Other students have expressed their concern about their loved ones affected by Hurricane Irma. It is the deadliest Philippine typhoon on record, killing more than 6,000 people.

Irma spun so powerfully into the Caribbean's Leeward Islands as a Category 5 that it sustained 185-mph winds for 37 hours, longer than ever recorded worldwide. The damage toll from Harvey may have set a new all-time-high - if it isn't bested by Irma's destruction.

According to the "final draft" of the report, which was provided to the New York Times by authors anxious about Pruitt's political interference, it is "likely" that hurricanes' maximum wind speeds and rainfall rates will increase.

On Aug. 30, Hurricane Irma developed off the west coast of Africa from a tropical wave.

Climate change deniers are looking dumber than ever as hurricanes Harvey, Irma and Jose all hit the Americas one after the other. However, this does demonstrate the accuracy of our long-term seasonal hurricane predictions as this year was predicted to be an above-average hurricane year.

More broadly, the study found that two broadcast networks, ABC and NBC, failed to air a "single segment on their morning, evening, or Sunday news shows" on the link between climate change and the storms. Harvey rapidly intensified as it approached land, an incredibly risky trait also exhibited by other hurricanes within the last 20 years, like Wilma in 2005 and Patricia in 2015. This means that the intensity of many storms in the pre-satellite, pre-buoy era was nearly certainly underestimated.

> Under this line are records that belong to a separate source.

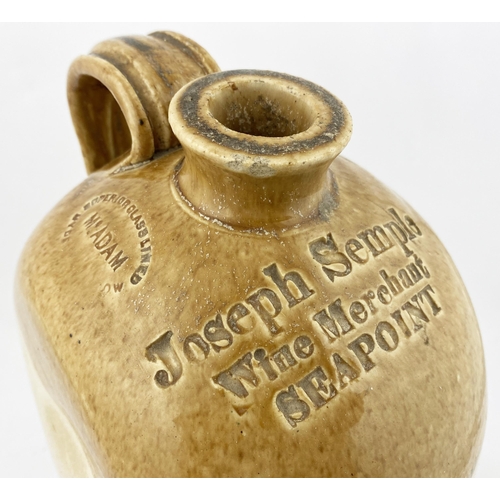 7 - IRISH FLAT SIDED FLAGON. 12.9ins tall. Flat sided t.t. flagon, rear handle, cork lip. Three lines im... 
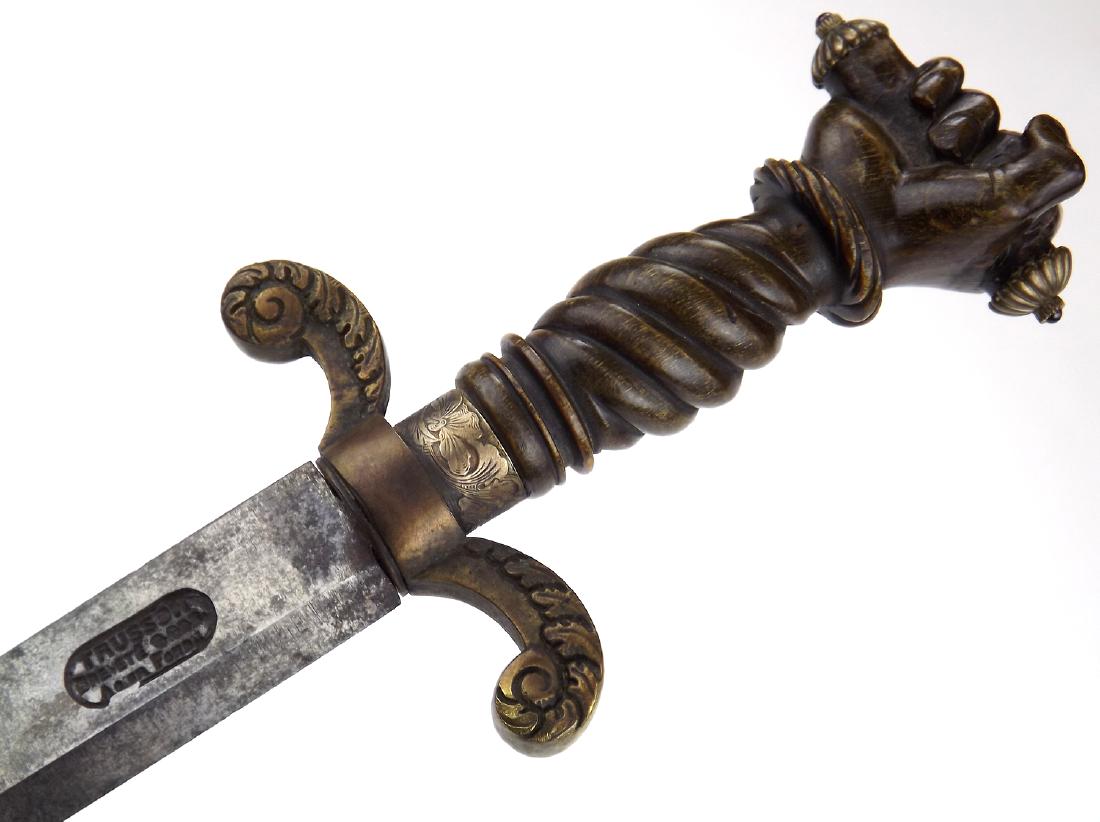 Unique 18th C. French Masonic Mason's Dagger with: Unique 18th C. French Masonic Mason's Dagger with Rubies in Fine Horn Grip. An outstanding quality dagger with an elaborate large grip carved of a solid piece of horn, in the form of the hand holding 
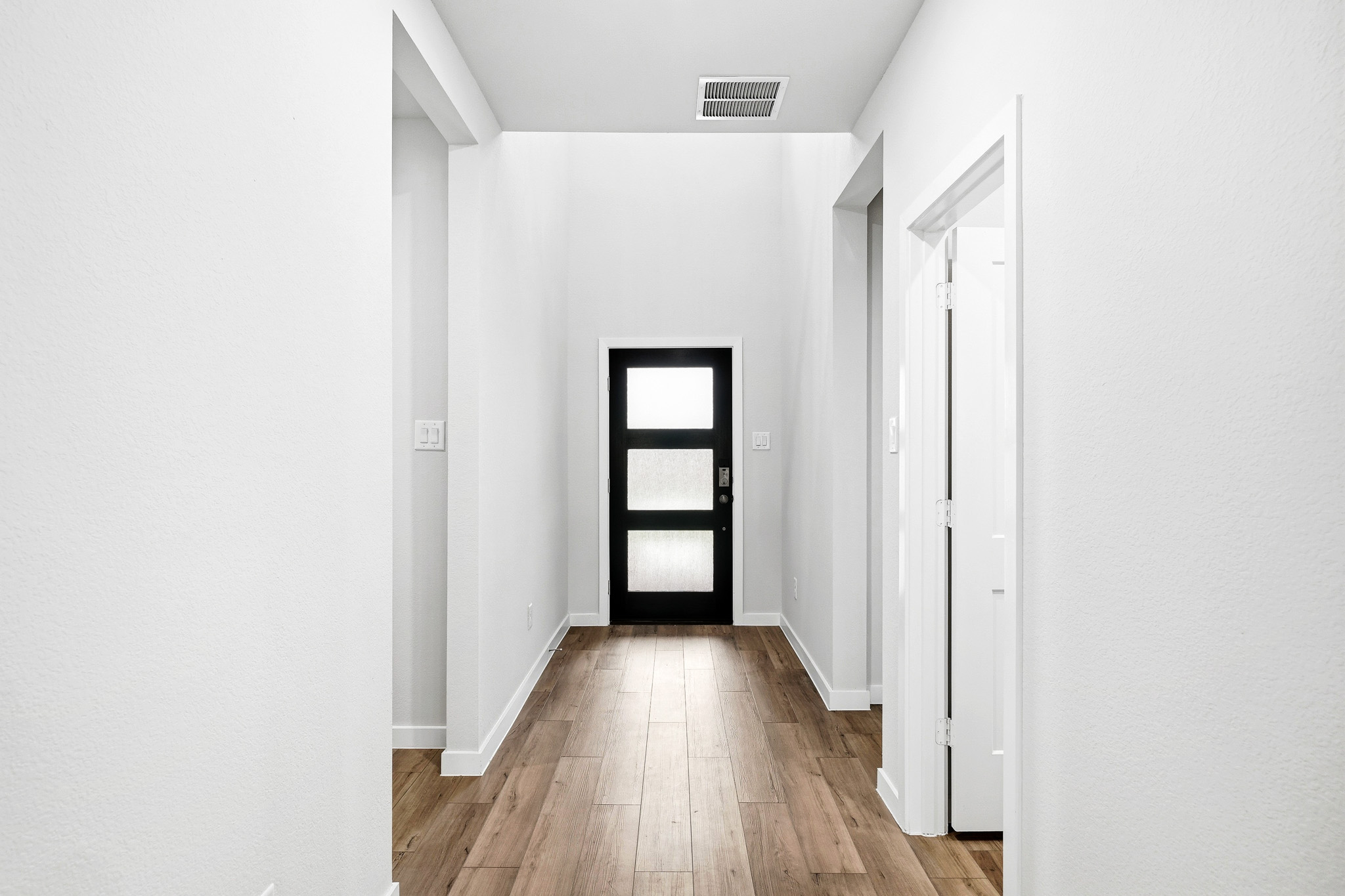 A hallway with white walls.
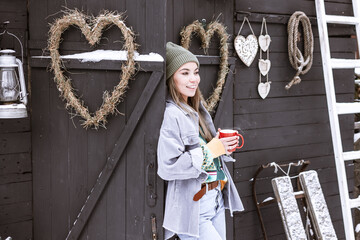young asian woman holds cup of mulled wine in hands in courtyard of suburban house in winter, concept of Christmas and New Year vacation on farm, family love and support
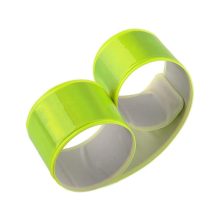 Jól látható, neon színű, önzáródó fényvisszaverő karpánt csuklón viselve sötétben.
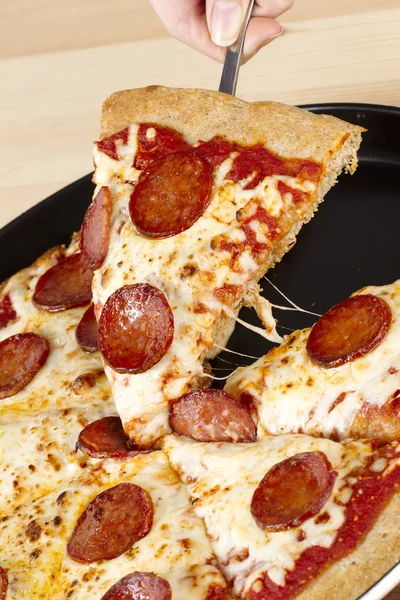 Выбираю кусок пиццы с пепперони — стоковое фото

Though place-specific, climate change will have negative effects on much of the country.

When asked whether Trump's personal opinion on climate change has changed at all, White House press secretary Sarah Sanders said, "I don't think that it's changed over the last several weeks", adding that she remains unsure whether the President is reconsidering the Paris deal following the hurricanes. That lack of movement allowed for continued rainfall over many days - and that lead to massive flooding.

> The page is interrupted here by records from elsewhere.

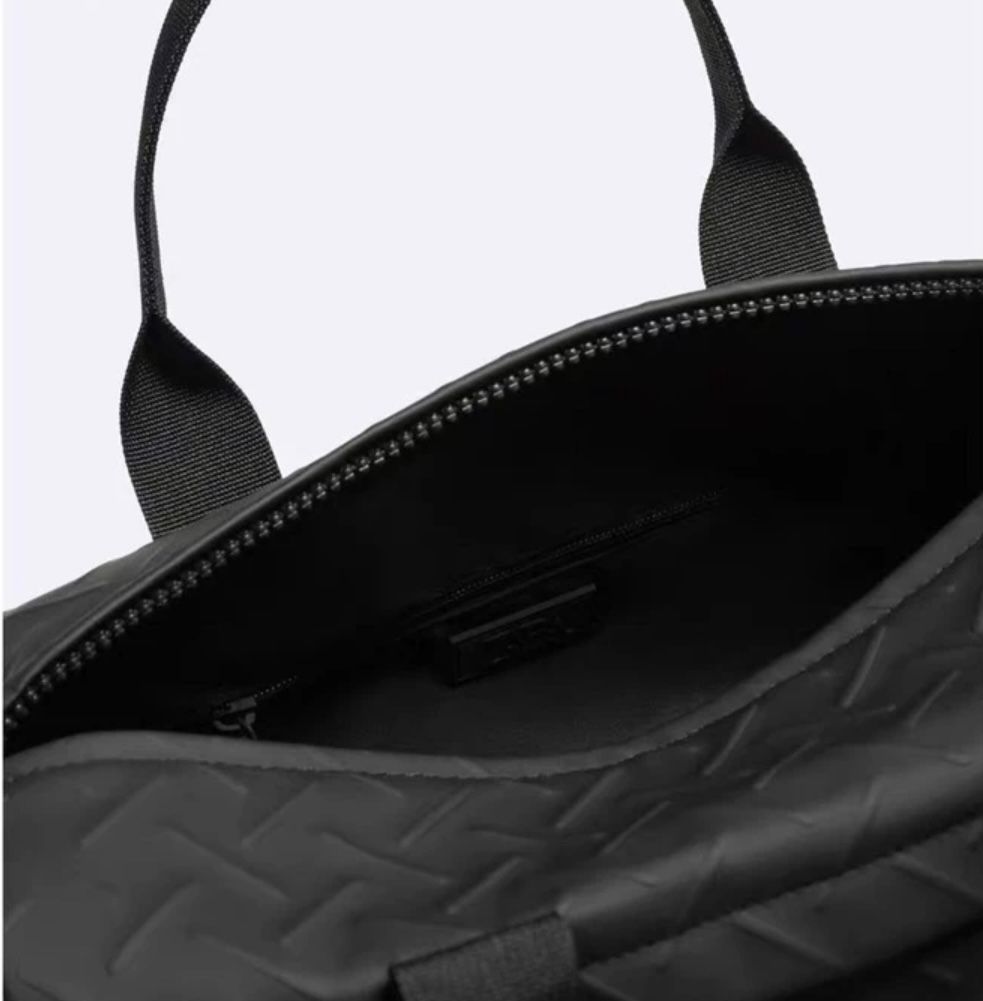 LS Fashion black weekender bag with quilted texture and top zipper opening showing interior zipper pocket
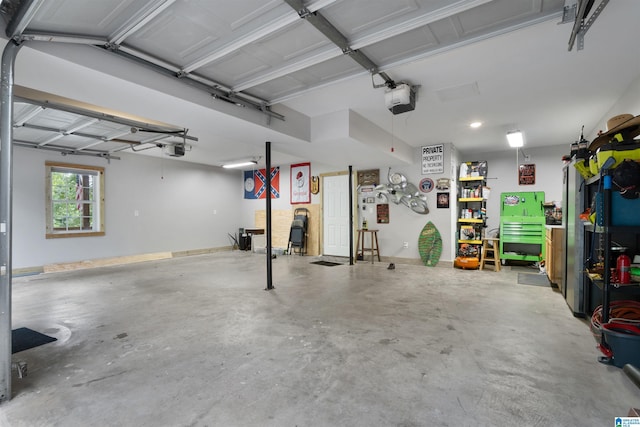 373 Pineywoods Dr, Wedowee, AL 36278 - garage featuring a garage door opener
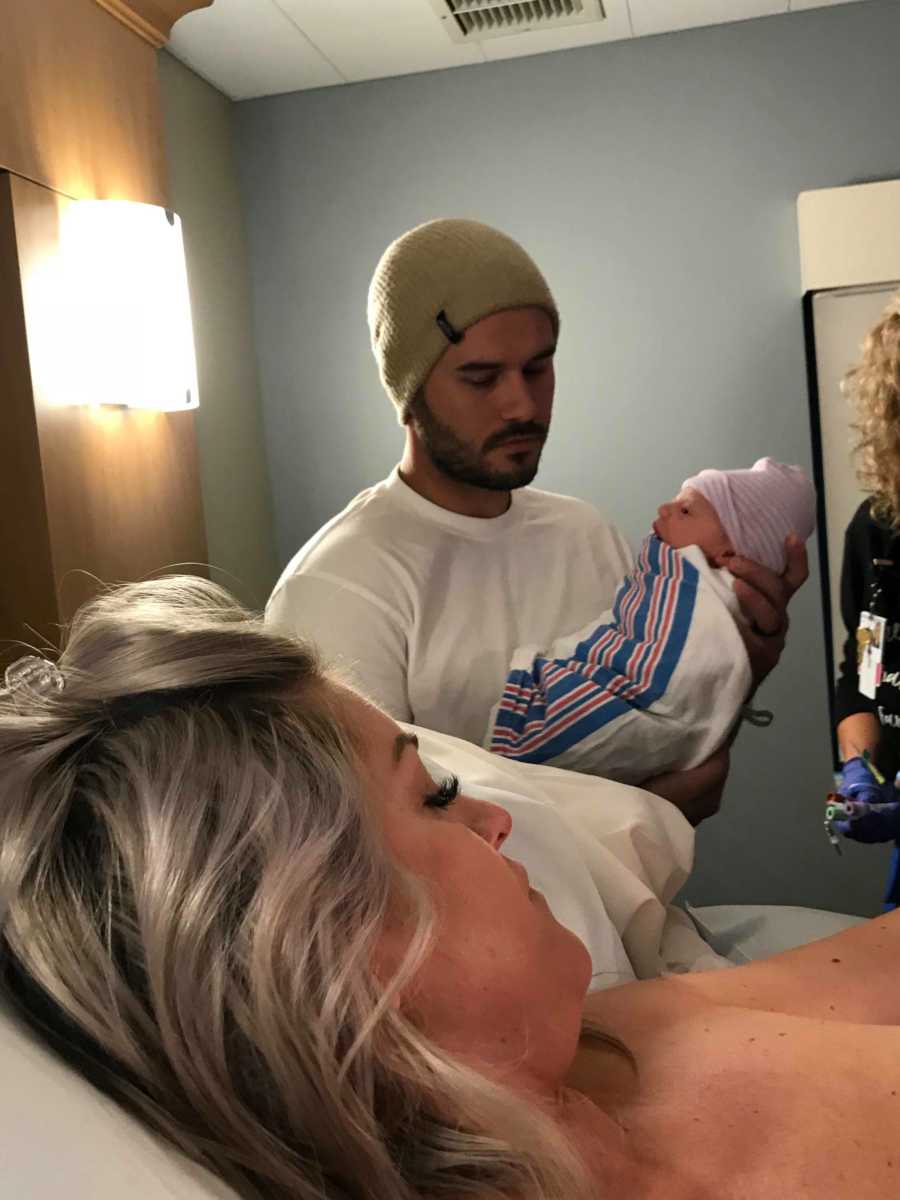 Husband stands in hospital room holding newborn beside wife who is laying in hospital bed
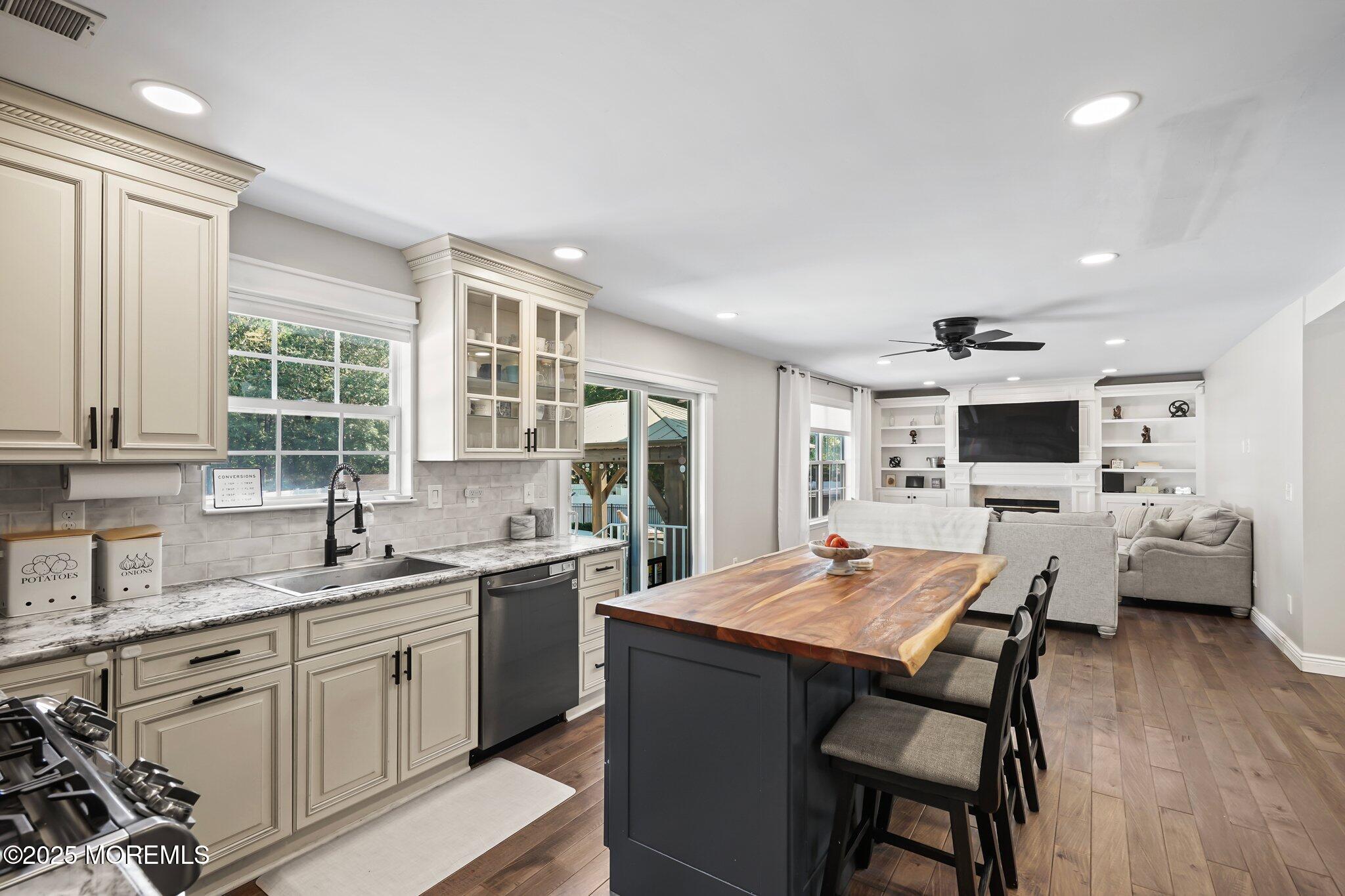24 Mount Ranier Drive Howell, NJ 07731 - Photo 12 of 53 a kitchen with a stove a sink dishwasher a dining table and chairs with wooden floor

Scott Pruitt is a modern-day ludite who scoffs at the idea of man-made global warming. Climate is "long-term", while meteorology is "short-term".

It's small wonder that Americans might look to leadership to connect whatever dots exist between global warming and intensifying natural disasters.

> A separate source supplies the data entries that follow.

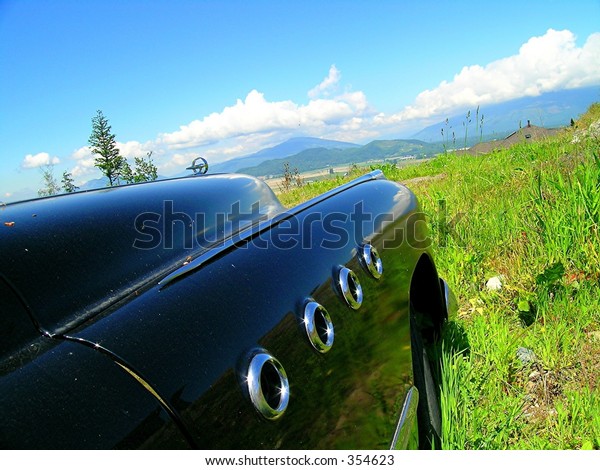 Drive-In reality show.  1949\
Classic car overlooking the Skagit Valley in Northwest Washington\
state.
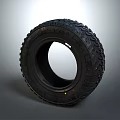Black Rubber Tire With Deep Tread Pattern And Durable Construction Design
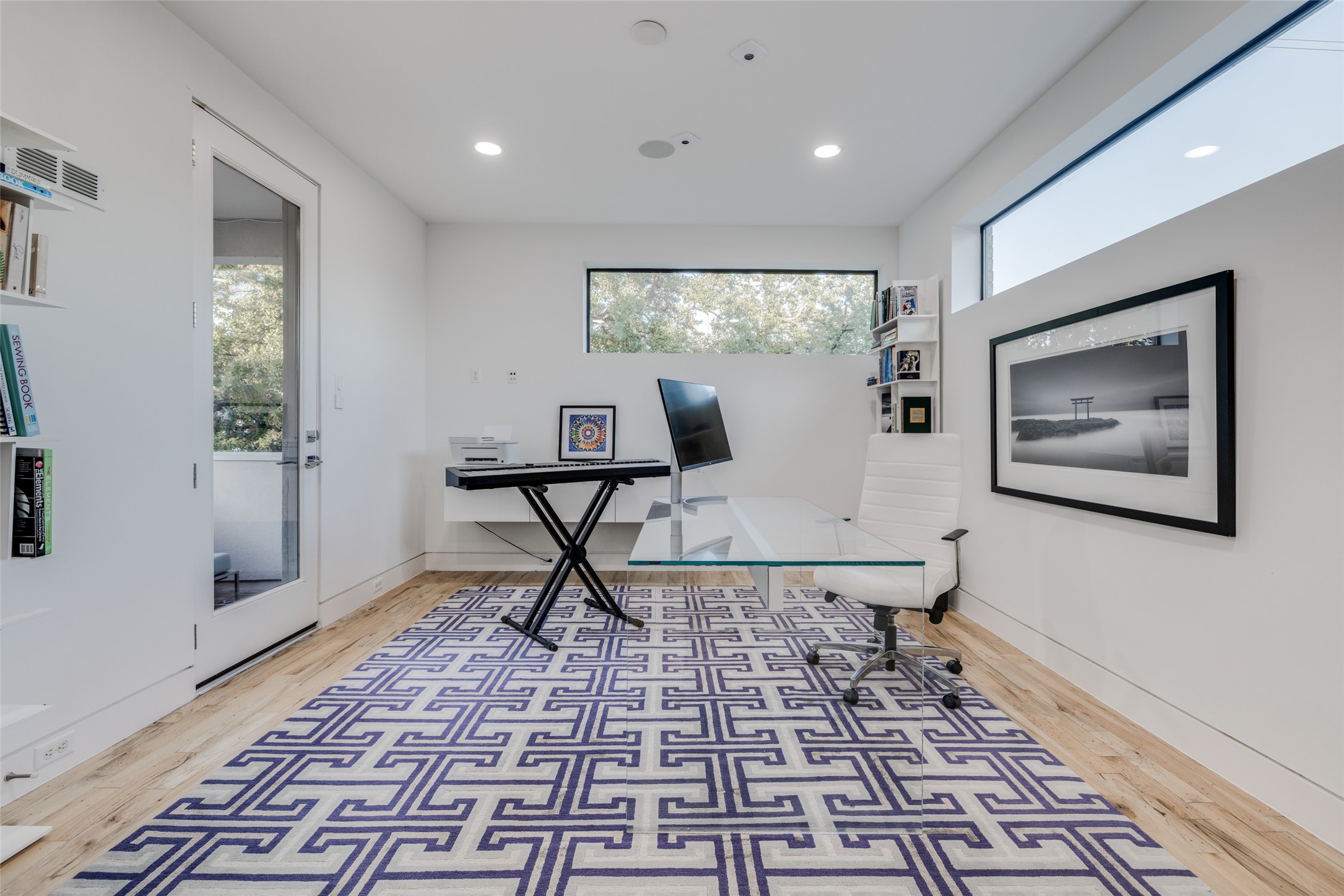 Private study on third floor with lots of natural light, private balcony access & spacious storage closet.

Q: What types of weather are we experiencing a spike in? Solar and wind costs are now more cost-effective per watt of delivered electricity than most fossil-fuels. So in general the models are indicating an overall greater variability in some aspects of climate (greater floods but also more intense droughts) with a warming planet.

There's an ongoing debate among scientists about the effects of humans on global climate and about what policies should be implemented to avoid possible undesirable effects of climate change.

The researchers noted that hurricanes were beginning to move away from tropical areas, and linked this phenomenon to changes in the atmosphere caused by humans.

In addition, the leveling and paving of roads and housing developments doesn't allow the rains to run off as they would in natural marshlands. For the past 300 years, since "the little ice age", the globe warmed about three degrees.